INCREASED politicking could slow down the property market which has been resilient through multiple economic challenges, a director of a land buying firm has cautioned.
Land Layby director Phyllis Gathura has said the property and housing market could soften in the run up to the general election next year, as prospective buyers adopt a wait-and-see attitude as they assess the country’s political temperature.
Speaking last Friday at the company offices in Nairobi, Gathura said several property agents are concerned that ongoing ethnic rhetoric by politicians may make clients apprehensive about purchasing land or houses.
Gatura was speaking during an event to award optional certificates to company clients who have bought land in different parts of the country.

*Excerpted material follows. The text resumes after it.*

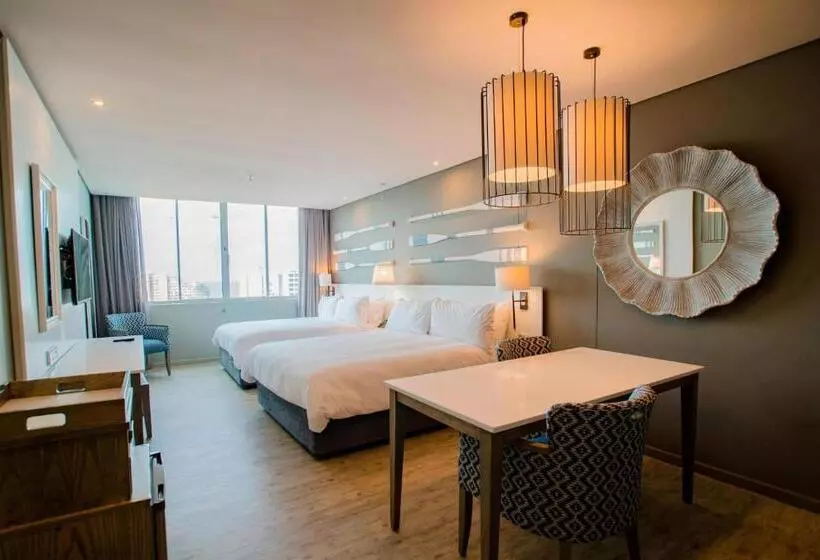 Standard-huone, Protea Hotel By Marriott Durban Umhlanga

“We are worried about the political campaign and atmosphere which may slow the market but we hope everything will be ok,” she said.
Kenya’s property market has weathered many challenges including insecurity, weakening of the shilling which depreciated by 13 per cent last year and higher bank interest rates.
While the market has been resilient, events similar to those that preceded the 2007 general elections when post-poll ethnic violence broke out, maycreate anxiety in the market towards end of the year, Gathura warned.
Land Layby Kenya helps clients buy land at a fixed price and defined future date.
The buyer hence pays a fee to compel the seller not only to hold the parcel of land for them but also to lock the purchase price.
The company specialises in land banking where it usually buys land in the outskirts of a big city (land in the pathway of development) and waiting “passively or actively” until residential developers make it appreciate in value.
The land banking option is a revolutionary product that enables buyers to control a block of land without any holding costs, no interest repayments or borrowing.